(STORED DATA):
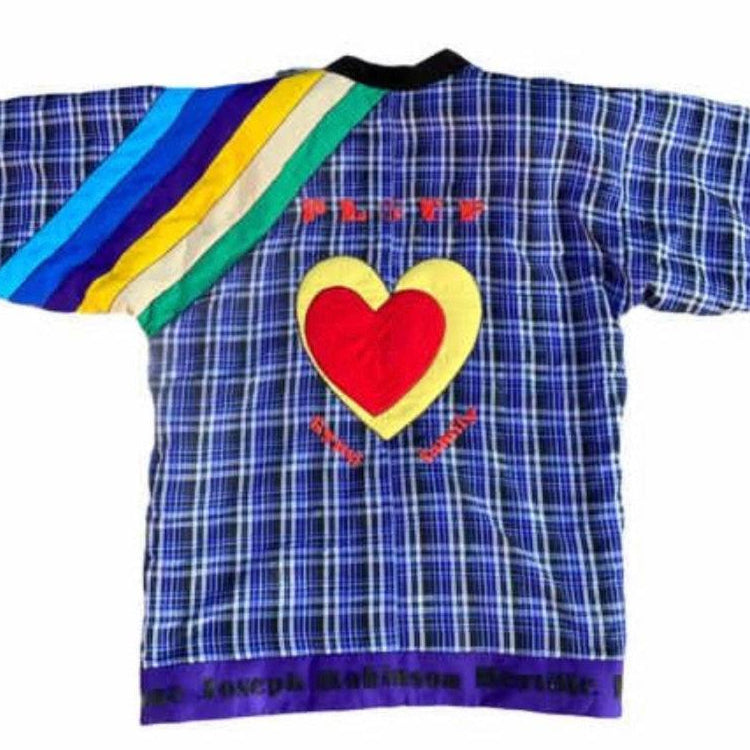 HANTEN SOFI embroidery LOVE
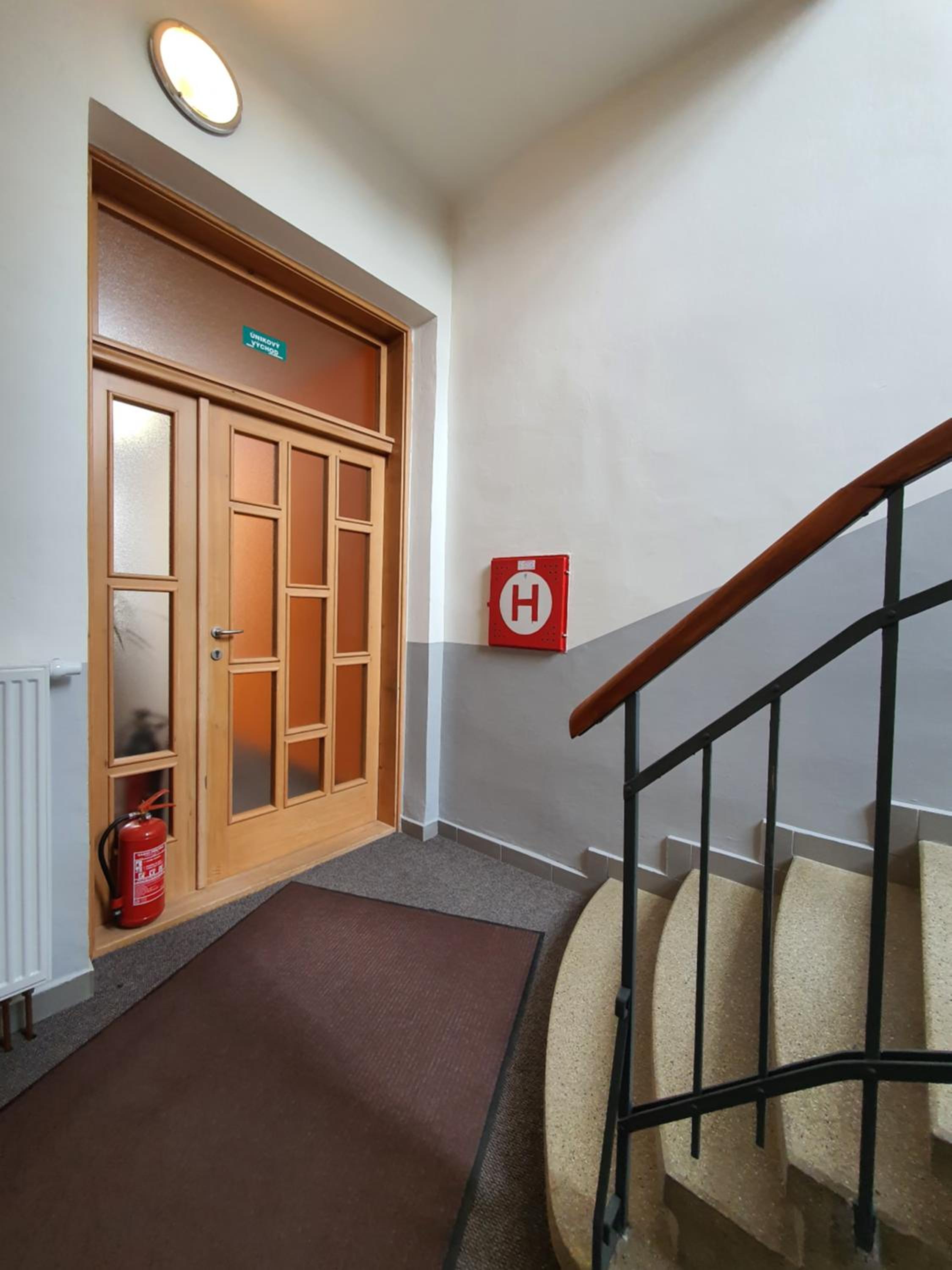 Apartmá na Hané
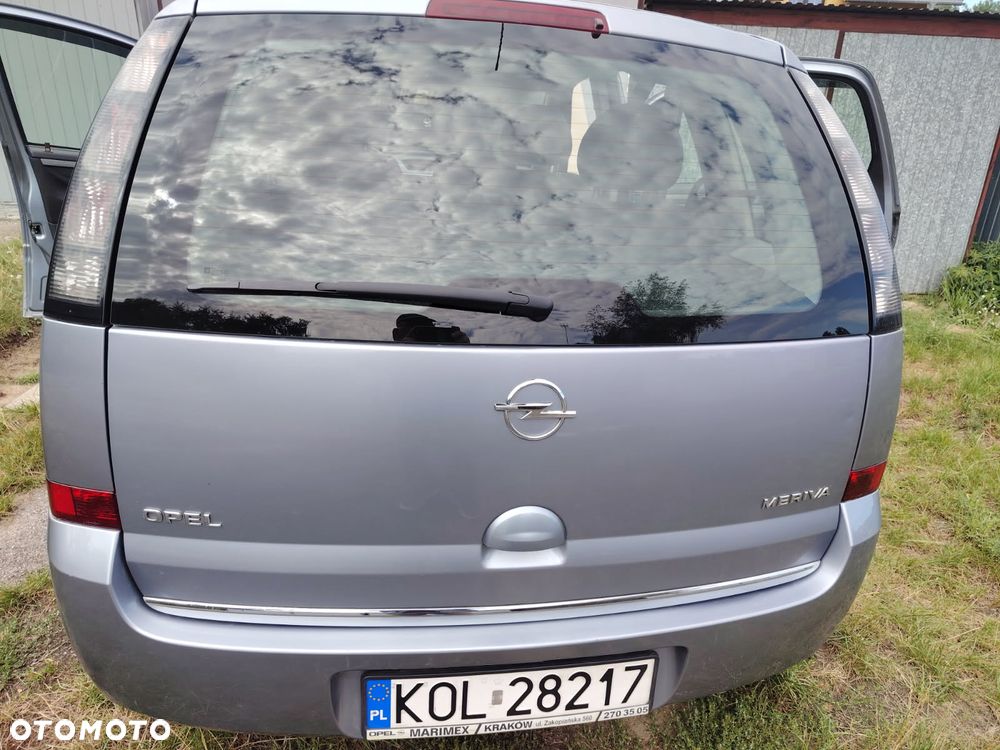 Opel Meriva - 15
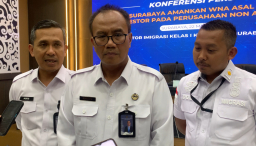 Baca juga : Imigrasi Surabaya Catat Pencapaian Kinerja di Awal 2025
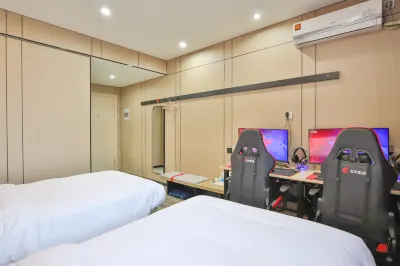 Sing Tianyou E-sports Hotel Wujiang Pedestrian Street Store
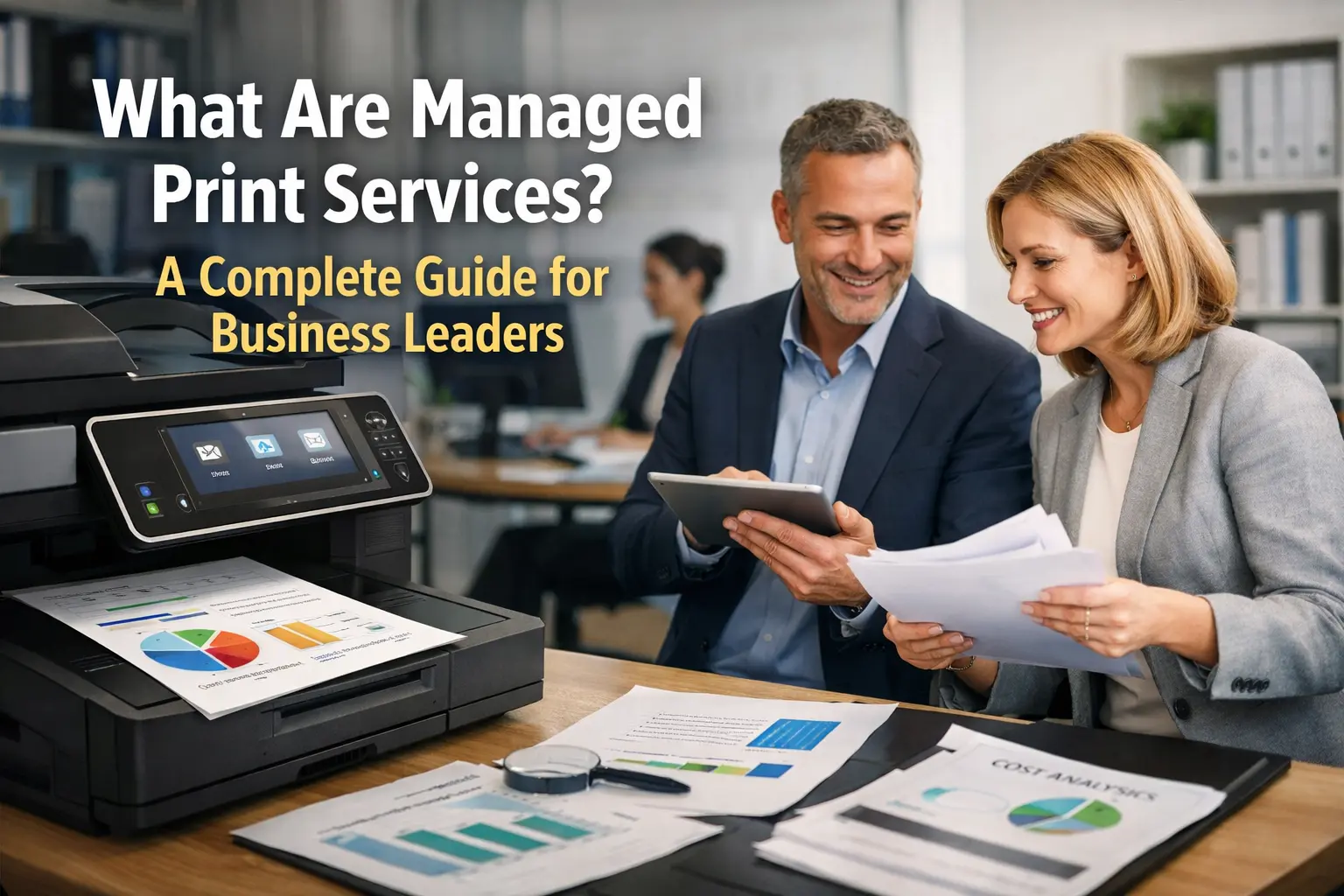 Managed Print Services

(TASK GOAL): Reproduce exactly the lines that run from the line holding "Apartmá na Hané" through the final line of the entries, and omit every picture.

(WRITTEN REPLY):
 Apartmá na Hané
 Opel Meriva - 15
 Baca juga : Imigrasi Surabaya Catat Pencapaian Kinerja di Awal 2025
 Sing Tianyou E-sports Hotel Wujiang Pedestrian Street Store
 Managed Print Services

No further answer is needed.